(What is needed): Below, some lines carry pictures; leave those pictures out and retype exactly the lines from the one with "Spigen Rugged Armor" through the one with "Das Grab des agyptischen Pharao Tutanchamun".

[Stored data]
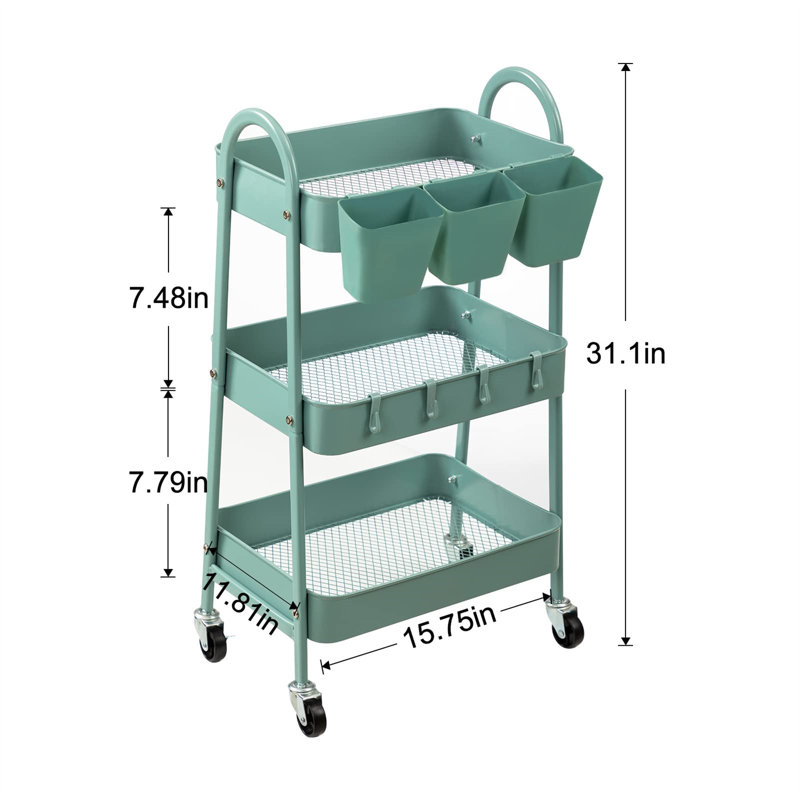 Chariot roulant, Vert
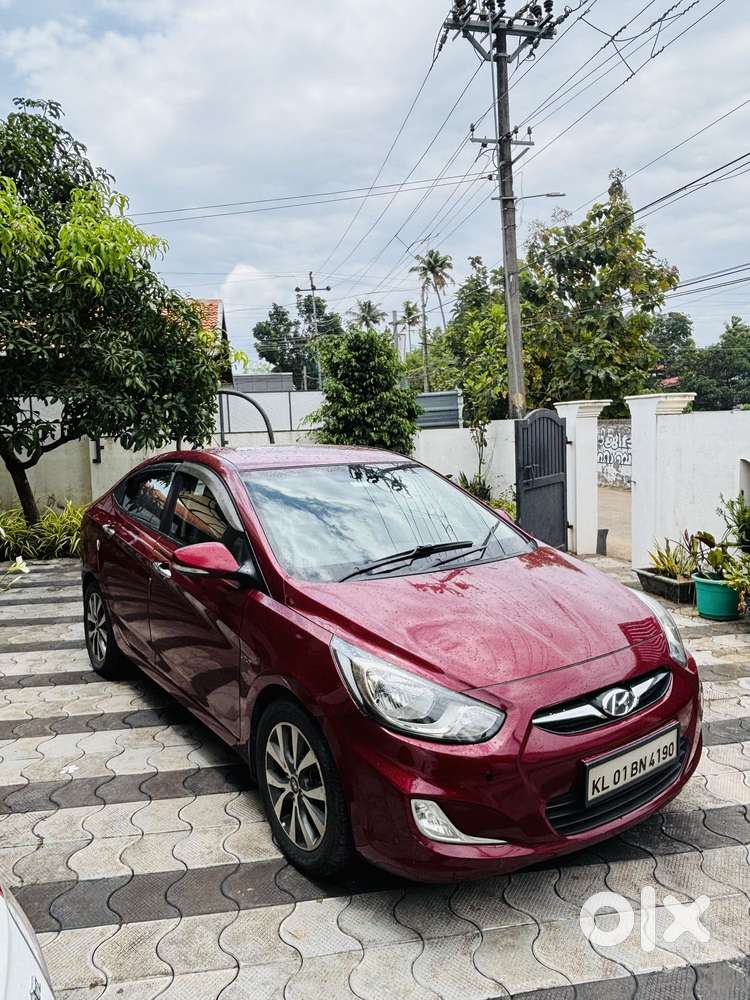 Hyundai Verna Vtvt 1.6 Sx, 2013, Petrol
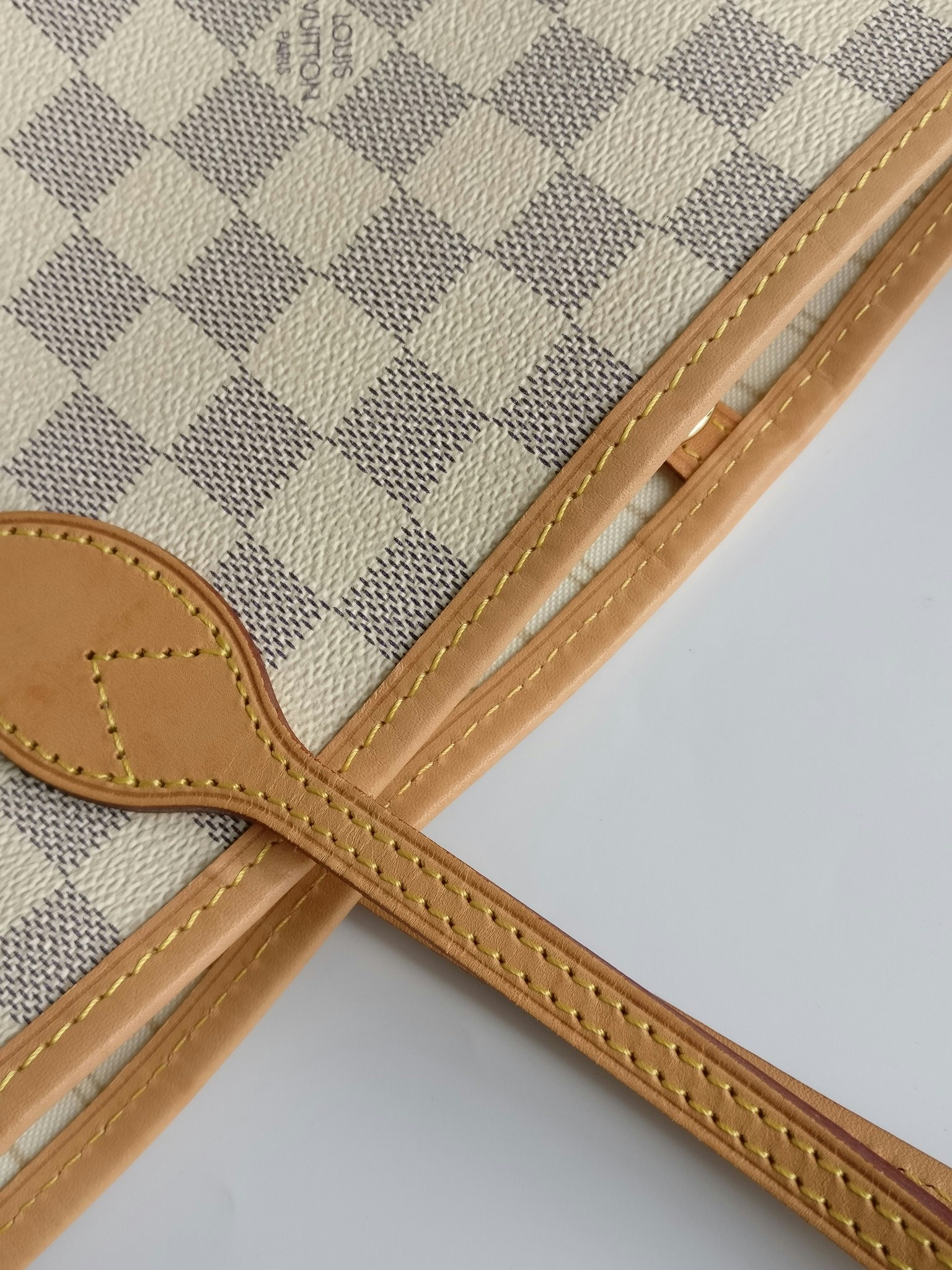 Louis Vuitton Neverfull MM damier azur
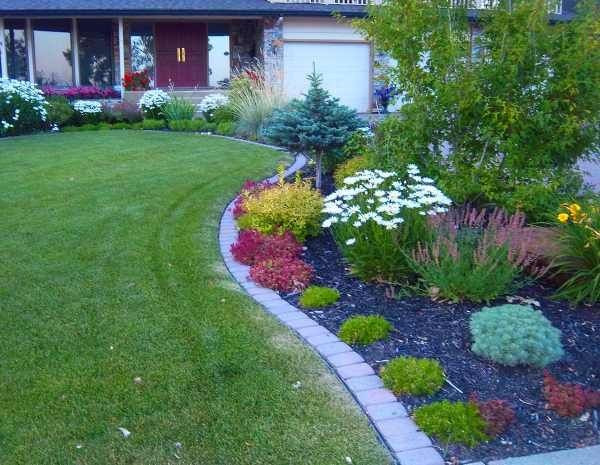 Patio Border Landscaping
 37 Creative Lawn and Garden Edging Ideas with
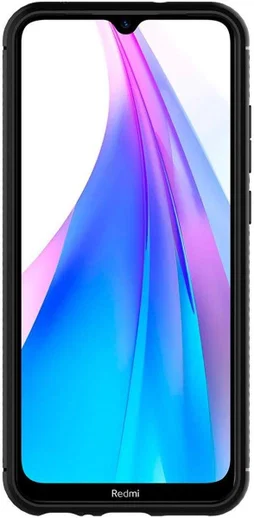 Spigen Rugged Armor Xiaomi Redmi 8t Hoesje Zwart afbeelding 3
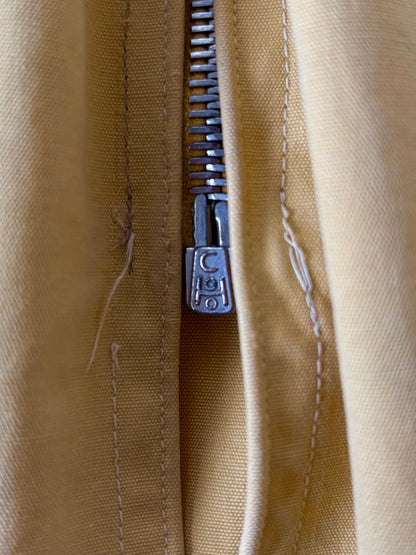 60s Struka “NINO FLEX” ジップアップ スポーツジャケット（イエロー）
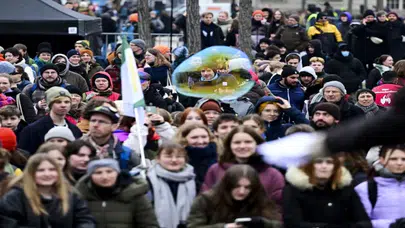 Almanya’da iklim değişikliğine dikkati çekmek için gösteriler düzenlendi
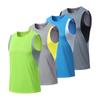 Men's Summer Quick-dry Vest Casual Loose Breathable Fitness Sleeveless Shirt Running Sports Vest
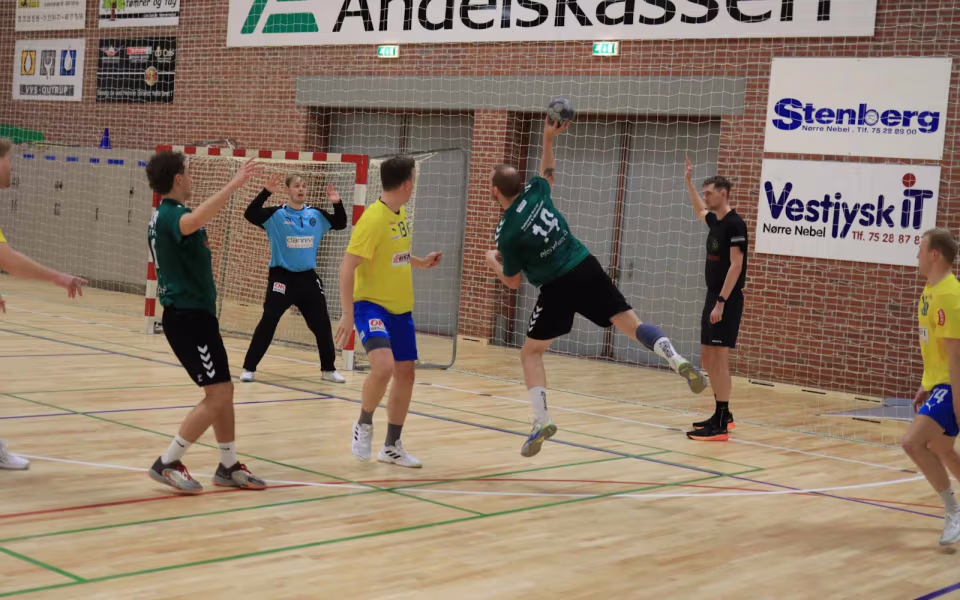 Flot pokalkamp af Blåbjerg HK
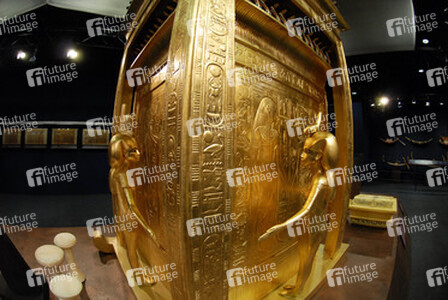 Das Grab des agyptischen Pharao Tutanchamun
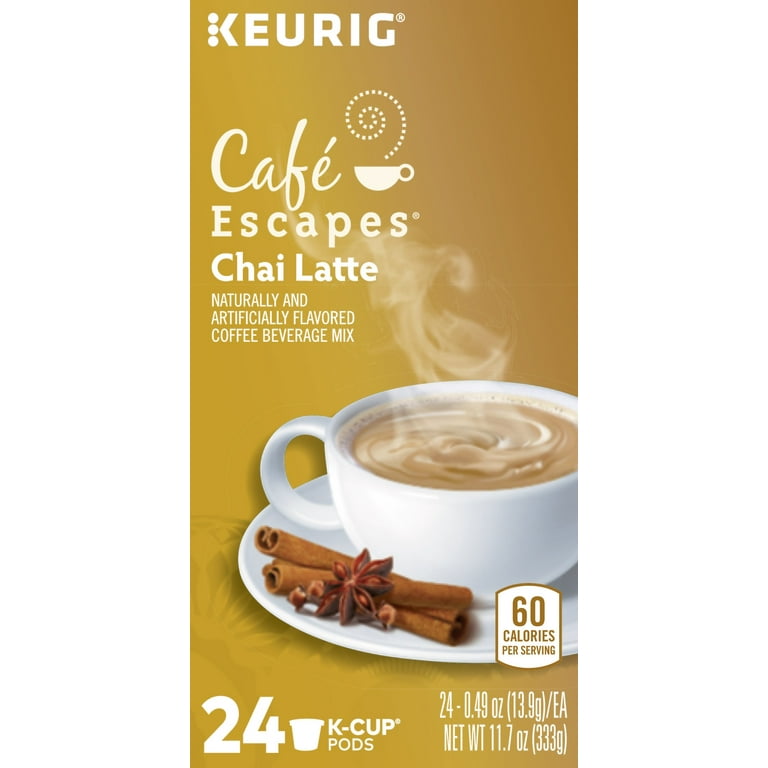 Cafe escapes chai clearance latte nutrition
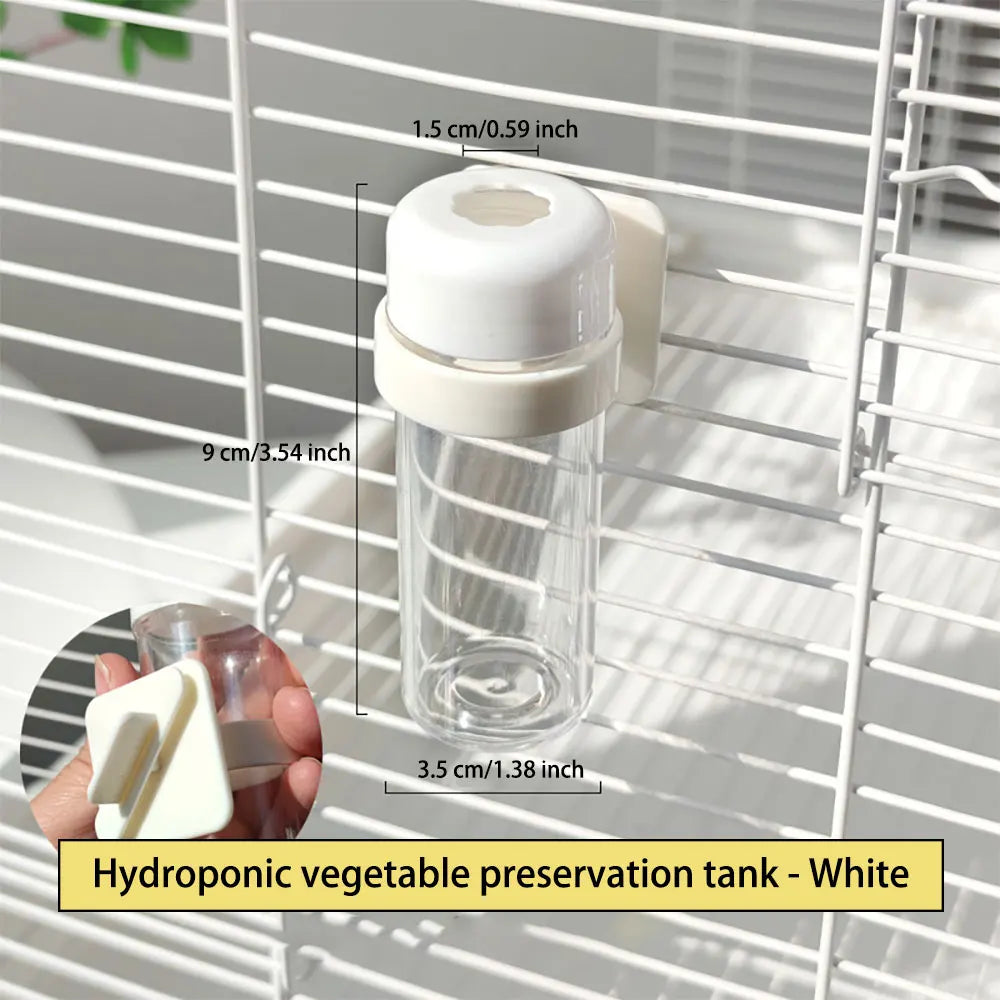 Cage-Mount Fresh Greens Holder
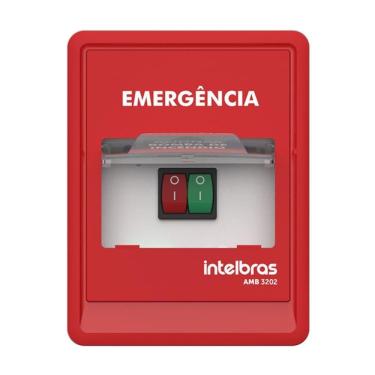 Imagem de Acionador Manual de Bomba AMB 3202 Intelbras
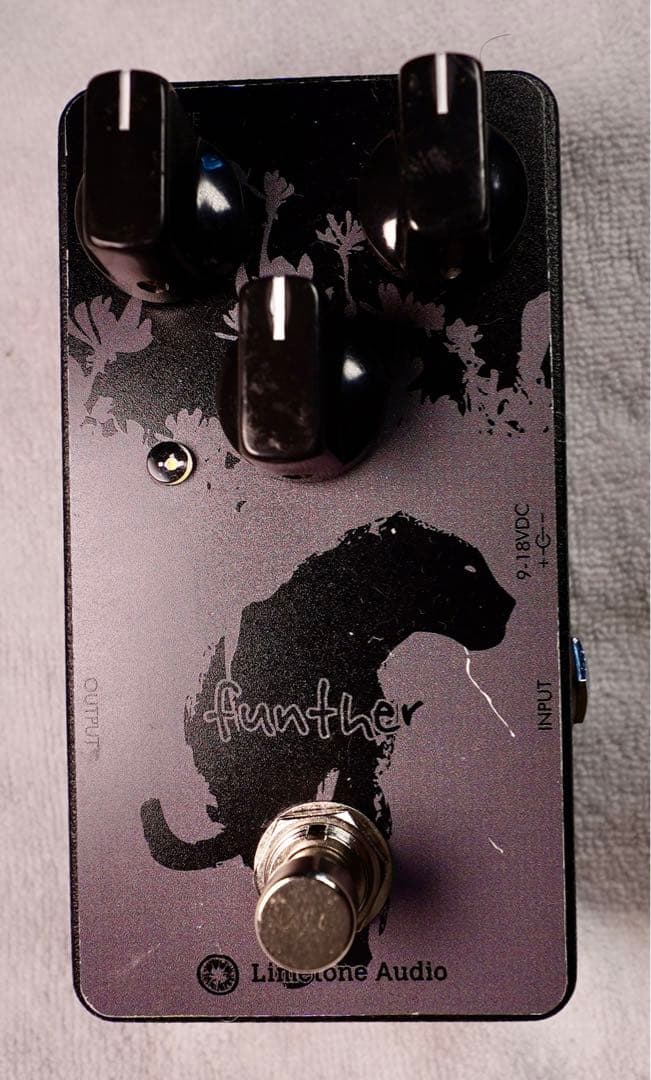 ひ*ろ様 LimetoneAudio funther black 中古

(Solved problem):
 Spigen Rugged Armor Xiaomi Redmi 8t Hoesje Zwart afbeelding 3
 60s Struka “NINO FLEX” ジップアップ スポーツジャケット（イエロー）
 Almanya’da iklim değişikliğine dikkati çekmek için gösteriler düzenlendi
 Men's Summer Quick-dry Vest Casual Loose Breathable Fitness Sleeveless Shirt Running Sports Vest
 Flot pokalkamp af Blåbjerg HK
 Das Grab des agyptischen Pharao Tutanchamun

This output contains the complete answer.